If Michael’s winds are strong enough to break the plants—and Michael is projected to still be at tropical storm strength a day after landfall—then the crops could be lost entirely. Defoliant must be sprayed onto the plants to remove the leaves prior to harvest, but that process makes the plants more fragile and vulnerable to wind damage.

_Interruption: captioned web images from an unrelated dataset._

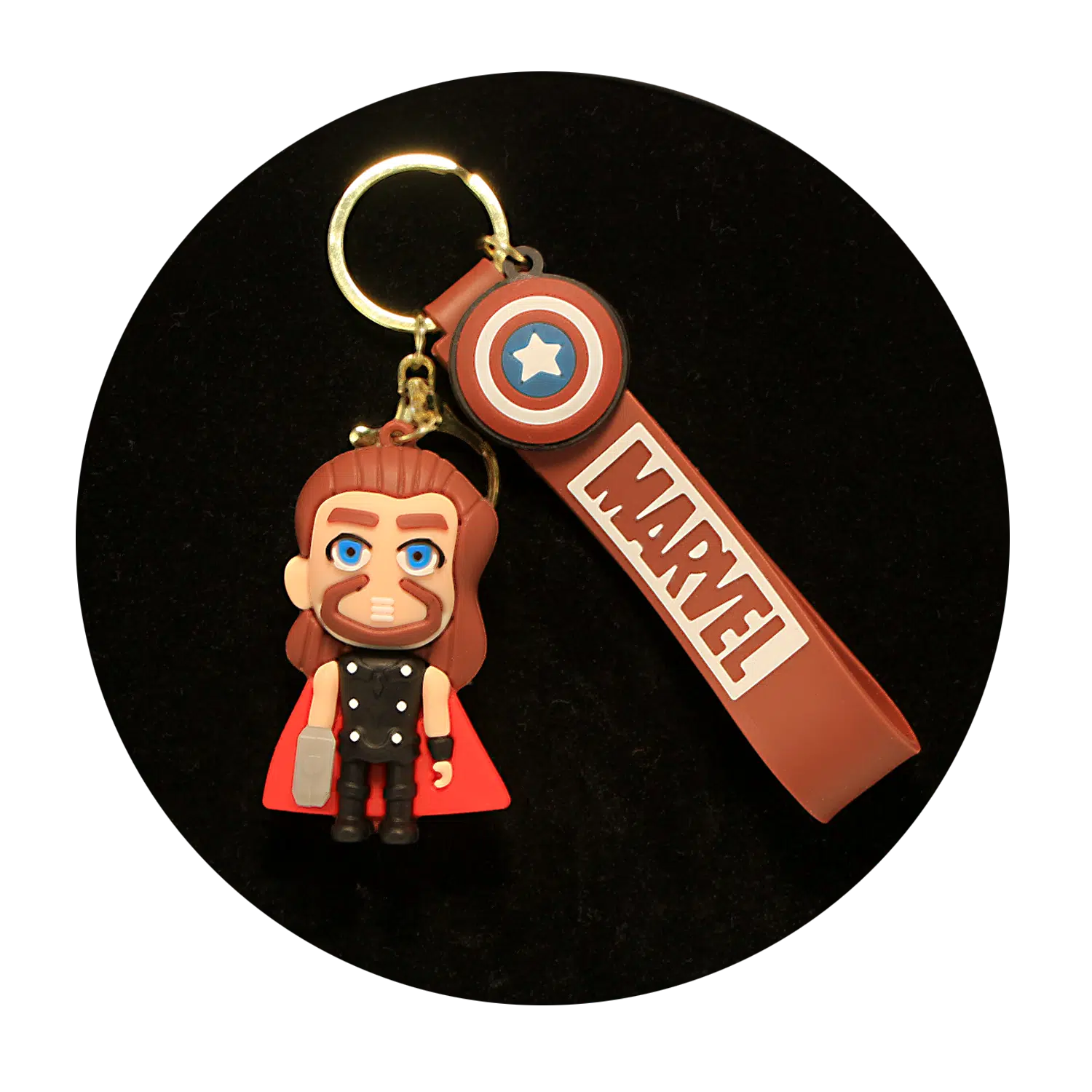 KSB-526 Marvel – Thor 03 – Keychain With Silicone Band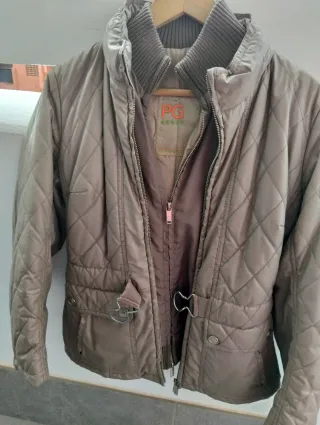 Chaqueta acolchada y chaleco Purificación García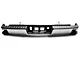 Factory Style Rear Bumper; Not Pre-Drilled for Backup Sensors; Chrome (14-18 Silverado 1500)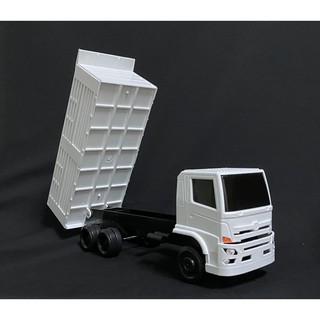 ภาพหน้าปกสินค้ารถดั้มหม่ำโมเดล รถดั้มของเล่นเด็กผู้ชาย ประมาณ 1/24 dump truck scale hino #หม่ำโมเดลรถดั้ม โมเดลรถบรรทุก toy รถสิบล้อของ ซึ่งคุณอาจชอบสินค้านี้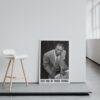 Nat King Cole Jazz Poster: A Unique Music Gift | Ideal for Elevating Your Living Room Decor
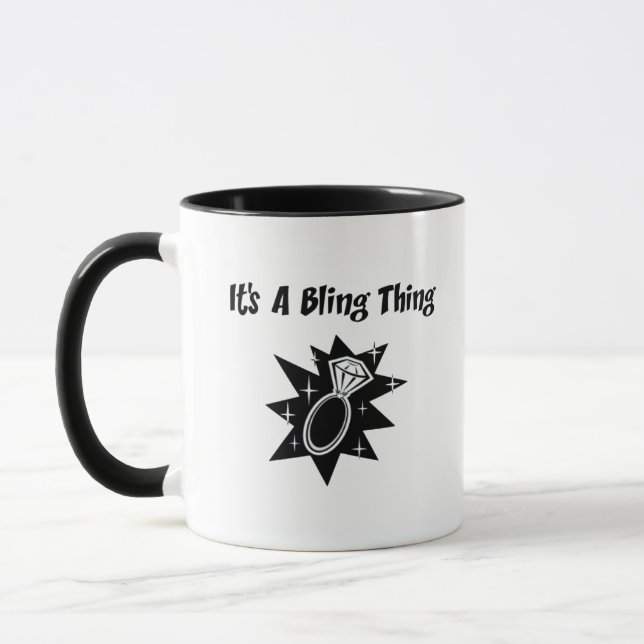 Bling Ding Tasse (Links)
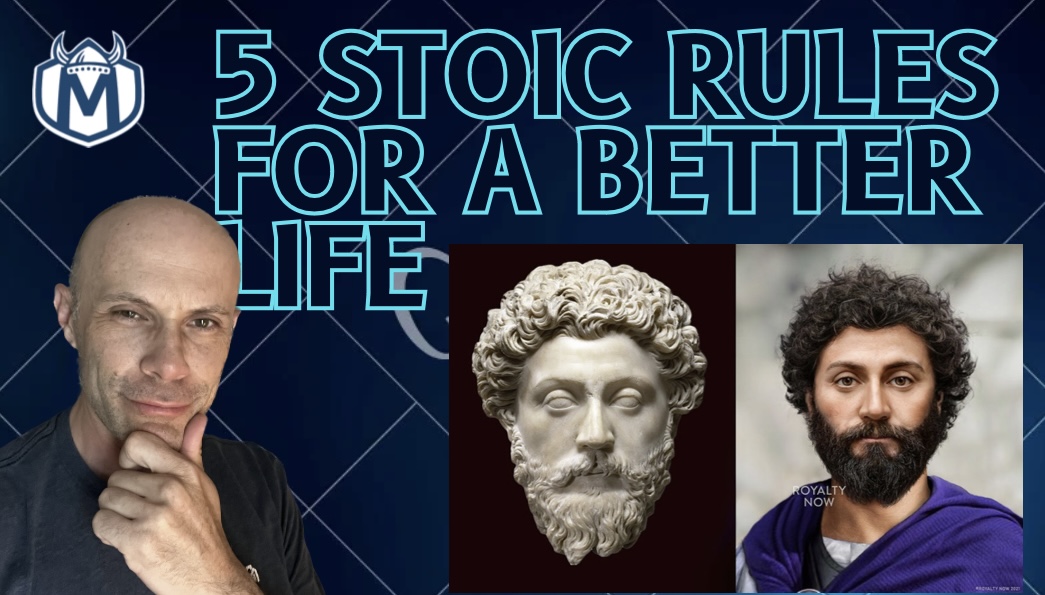 5 Stoic Rules for a Better Life!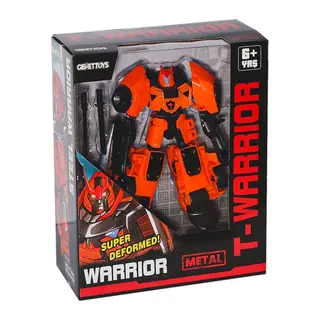 LJ1654 Metal Gövdeli Dönüşebilen Robot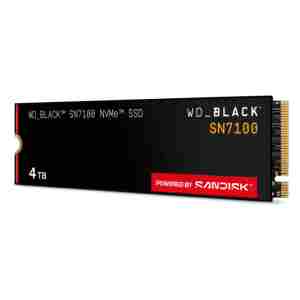 SanDisk 4TB WD Black SN7100 M.2 2280 PCI-e 4.0 NVMe 1.4 SSD disk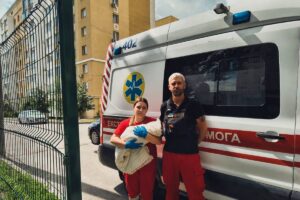 Харківські ангели: народження життя в екстрених обіймах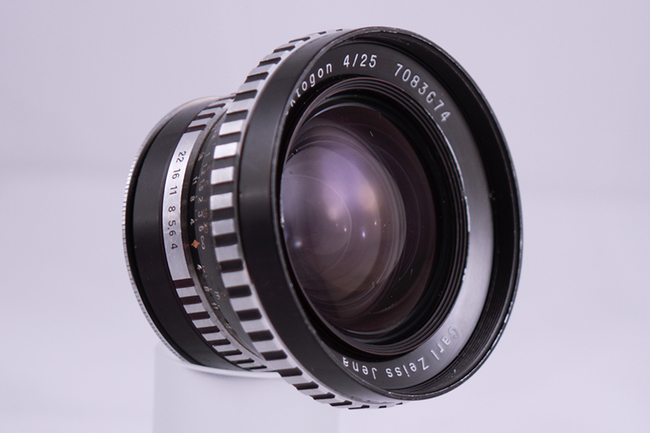 Carl Zeiss Jena Flektogon 25 mm f/ 4
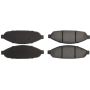 CENTRIC PARTS 301.09970 Centric Premium Ceramic Brake Pads with Shims and Hardware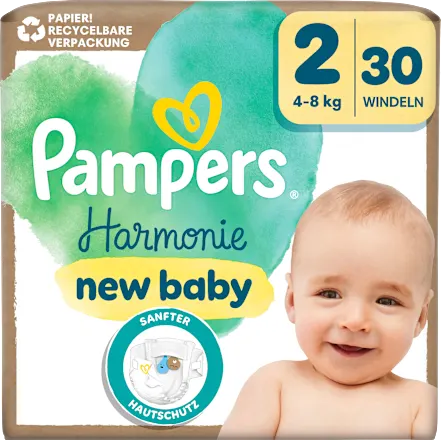 Windeln Harmonie Gr.2 Mini (4-8 kg), 30 St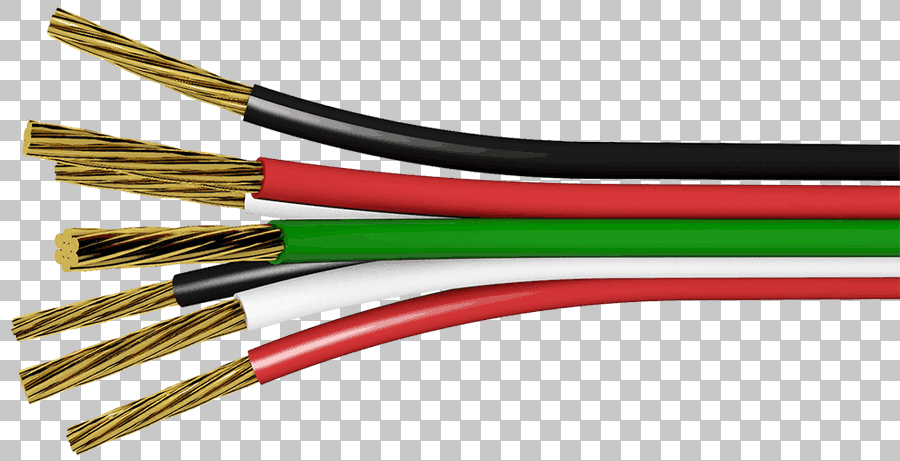 Assorted Color Coated Wire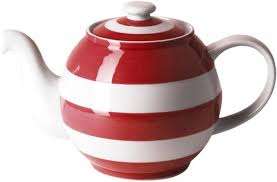 Tetera Decorativa de Cerámica para Mesa y Fiestas del Té, Elegante Tetera de Cerámica para Decoración de Cocina Moderna, Hecha a Mano - Product Image 4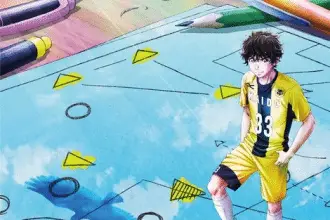 Aoashi 2, anime il 4 ottobre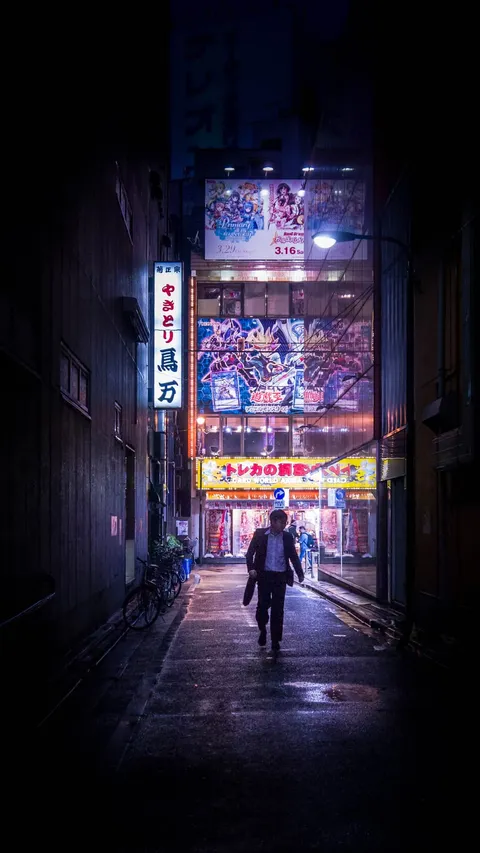 Elektryczne Miasto Akihabara w Tokio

Heavy rain can have a range of effects on cotton plants, depending on how close they are to being harvested. First, wet cotton cannot be harvested; farmers must wait for it to dry. Even a five minute shower can delay a harvest by an hour. Violent rains can string out the cotton and even rip it from the bolls. The most common effect is that rain soaks cotton in open bolls, causing deterioration and discoloration, which lowers the grade and value of the cotton. The most commonly traded cotton futures contract, ICE Cotton #2, must meet a grade of ‘strict low middling’, which is light and white, not dark gray or yellow.
“We are looking at a quality and a yield damage likely, the most risk is coming when the cotton is opening bolls,” said Ted Seifried of Zaner Ag Hedge, referring to Florence’s impact on North Carolina. When Florence hit, a much smaller percentage of the bolls were open, and North Carolina accounts for far less of the United States’ total cotton production than does Georgia.
The weak Indian rupee and Chinese tariffs on American cotton have depressed Cotton #2 demand, and Florence’s disruptions were not enough to let prices break out of the doldrums. However, Michael already looks like a much more significant event, as the majority of its precipitation looks likely to be concentrated on primary cotton production regions.
ICE Cotton #2 prices have climbed 2% to 77.94 cts per pound since Michael was classified as a tropical storm on October 5, a one-week high. Global cotton supply is already being constrained by whitefly attacks in Pakistan’s Punjab region and extensive damage to the smaller North Carolina cotton crop caused by Hurricane Florence.
“We’re hoping we can run into the night,” said Greg Sikes, a Georgia cotton farmer who had only harvested 10% of his 4,000 acres yesterday. “If the wind doesn’t blow and the dew doesn’t fall, we’ll keep running.” Sikes spoke to WTOC 11, a local news channel in Georgia.